**AVAILABLE DATA**

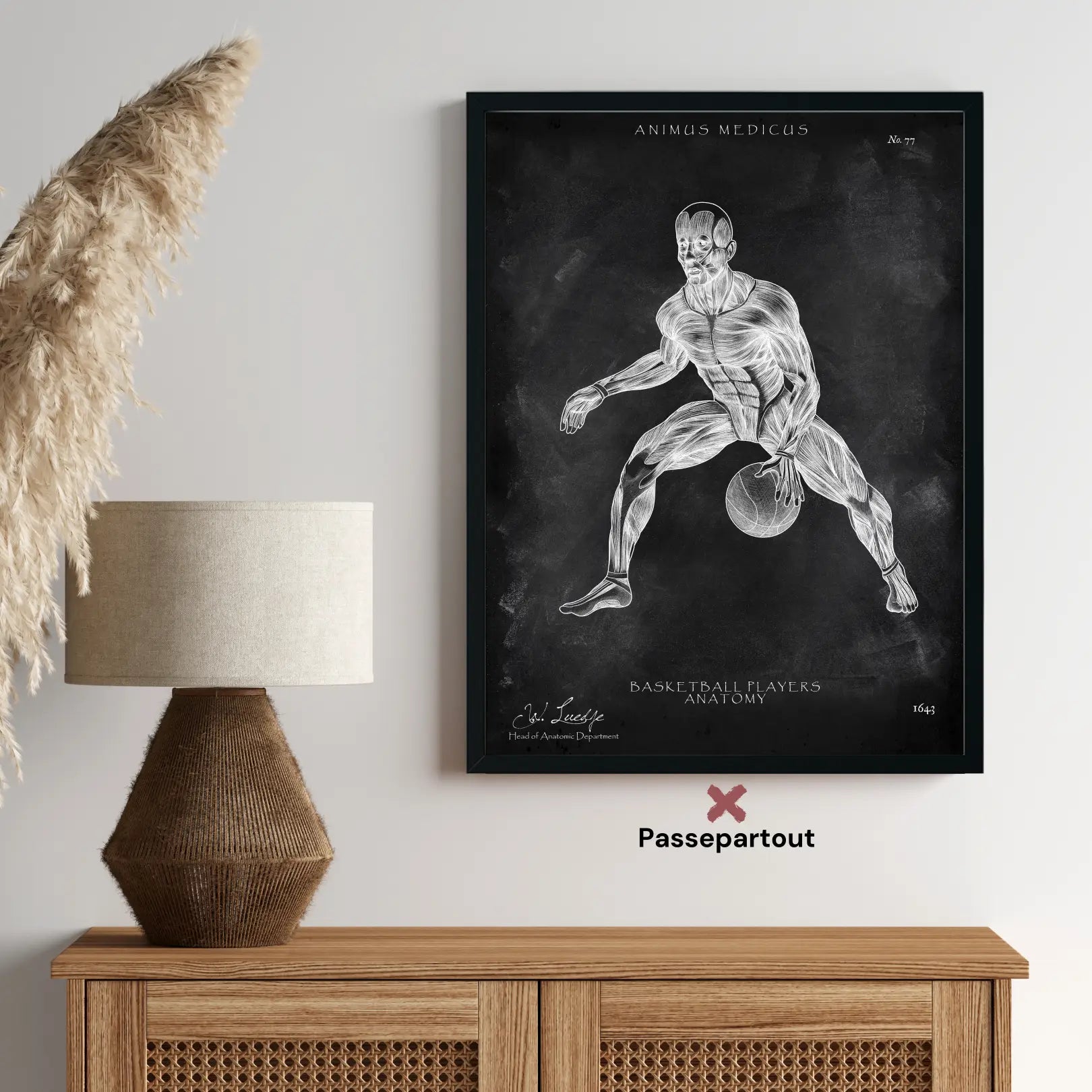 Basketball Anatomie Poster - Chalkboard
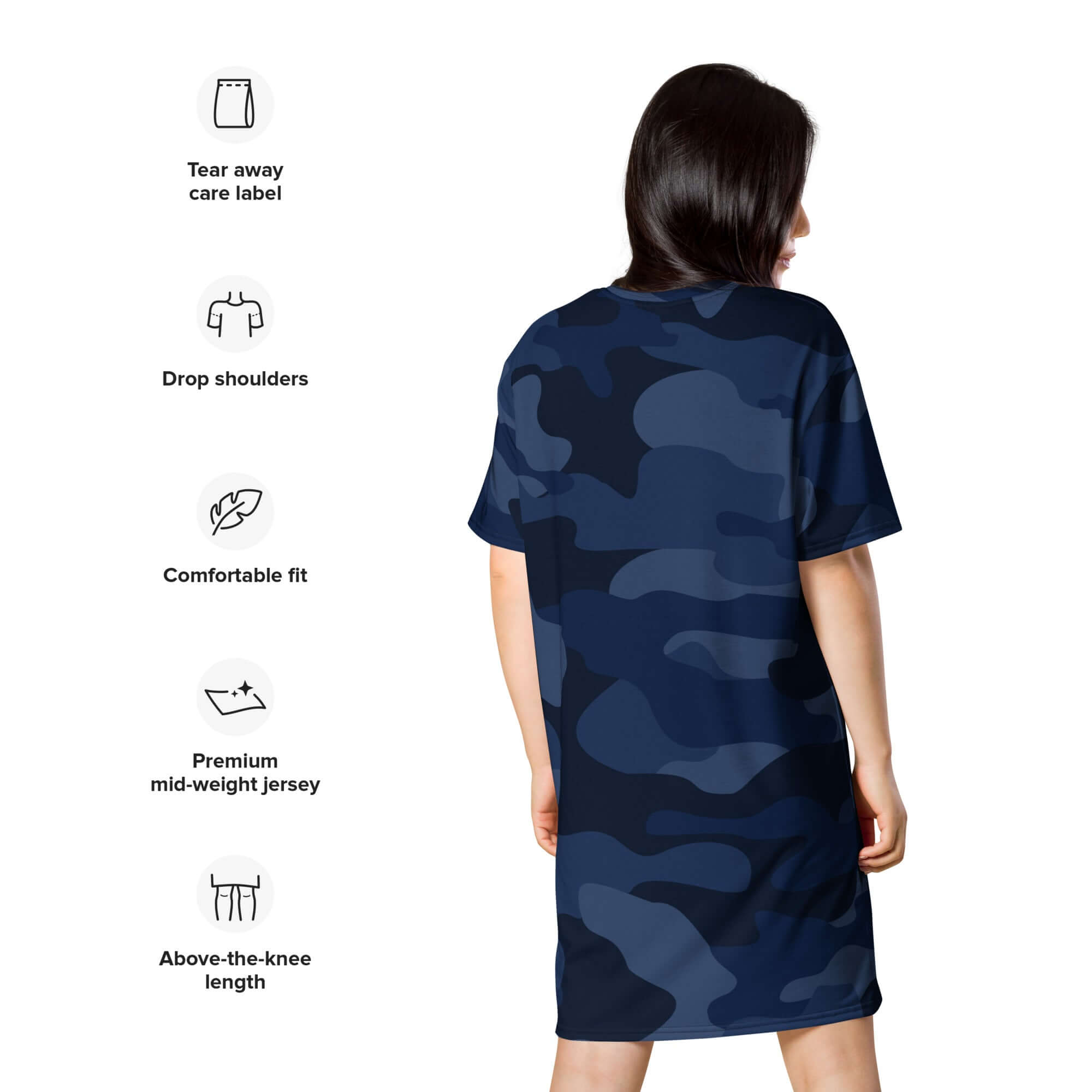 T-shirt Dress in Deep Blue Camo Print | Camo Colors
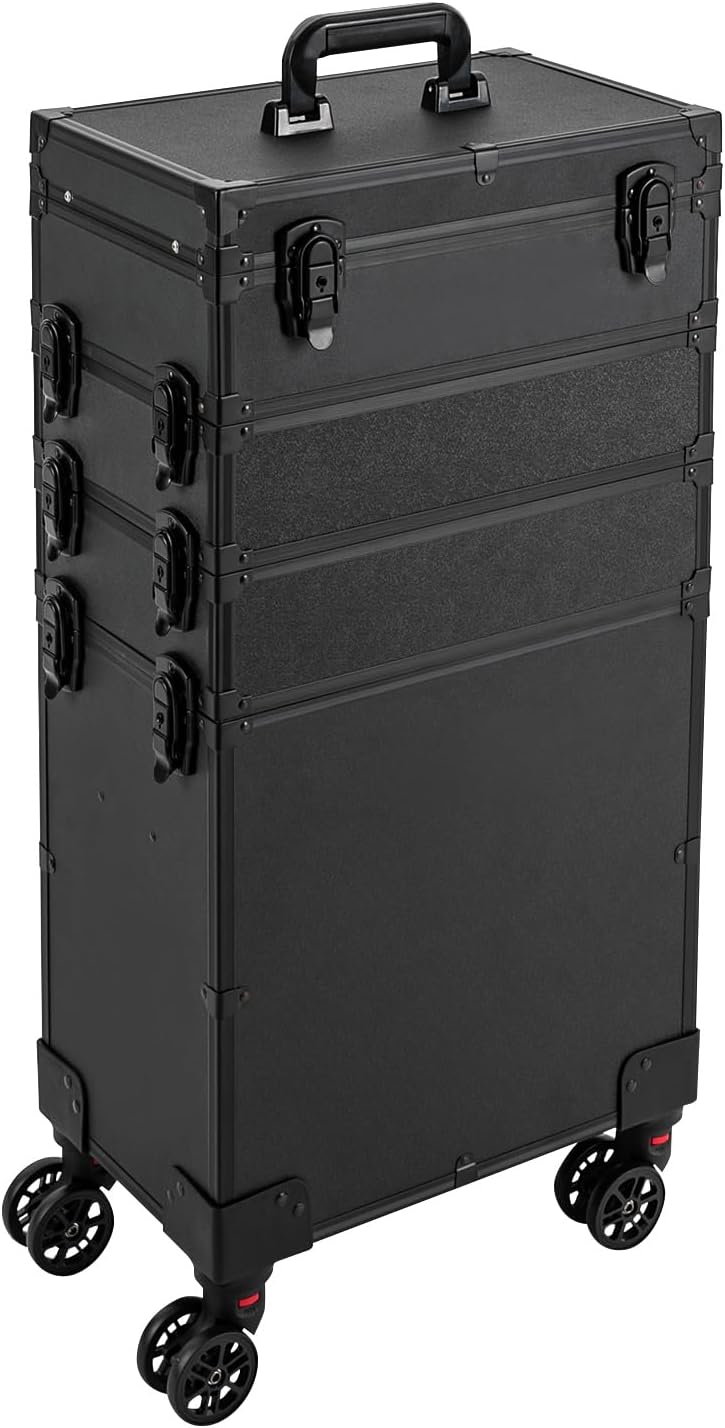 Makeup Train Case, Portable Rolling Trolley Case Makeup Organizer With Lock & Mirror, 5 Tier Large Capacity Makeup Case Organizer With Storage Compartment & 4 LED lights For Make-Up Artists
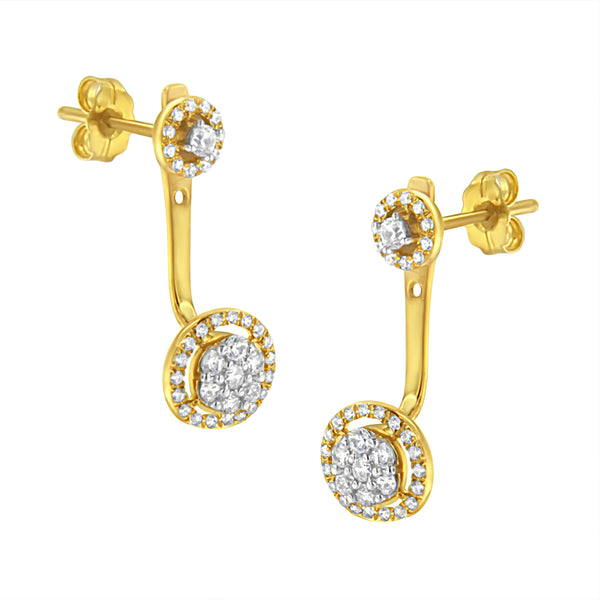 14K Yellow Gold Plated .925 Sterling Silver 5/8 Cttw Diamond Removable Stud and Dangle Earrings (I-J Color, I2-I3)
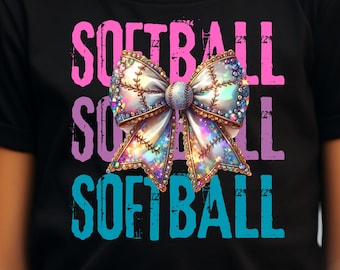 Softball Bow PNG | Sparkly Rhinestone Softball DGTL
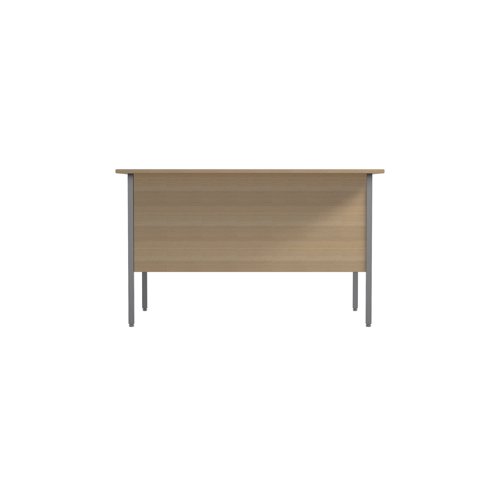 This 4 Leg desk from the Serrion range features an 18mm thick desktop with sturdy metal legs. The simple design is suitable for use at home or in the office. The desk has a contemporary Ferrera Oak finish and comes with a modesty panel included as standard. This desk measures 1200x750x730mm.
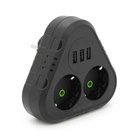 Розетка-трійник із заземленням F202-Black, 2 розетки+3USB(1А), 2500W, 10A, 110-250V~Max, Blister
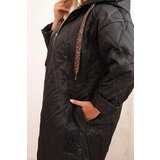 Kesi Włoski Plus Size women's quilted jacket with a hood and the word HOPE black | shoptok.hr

**HOW TO COMPLETE THIS TASK**
Give the listing above again exactly, minus any images.

**EXERCISE ANSWER**
 Basketball Anatomie Poster - Chalkboard
 T-shirt Dress in Deep Blue Camo Print | Camo Colors
 Makeup Train Case, Portable Rolling Trolley Case Makeup Organizer With Lock & Mirror, 5 Tier Large Capacity Makeup Case Organizer With Storage Compartment & 4 LED lights For Make-Up Artists
 14K Yellow Gold Plated .925 Sterling Silver 5/8 Cttw Diamond Removable Stud and Dangle Earrings (I-J Color, I2-I3)
 Softball Bow PNG | Sparkly Rhinestone Softball DGTL
 This 4 Leg desk from the Serrion range features an 18mm thick desktop with sturdy metal legs. The simple design is suitable for use at home or in the office. The desk has a contemporary Ferrera Oak finish and comes with a modesty panel included as standard. This desk measures 1200x750x730mm.
 Розетка-трійник із заземленням F202-Black, 2 розетки+3USB(1А), 2500W, 10A, 110-250V~Max, Blister
 Kesi Włoski Plus Size women's quilted jacket with a hood and the word HOPE black | shoptok.hr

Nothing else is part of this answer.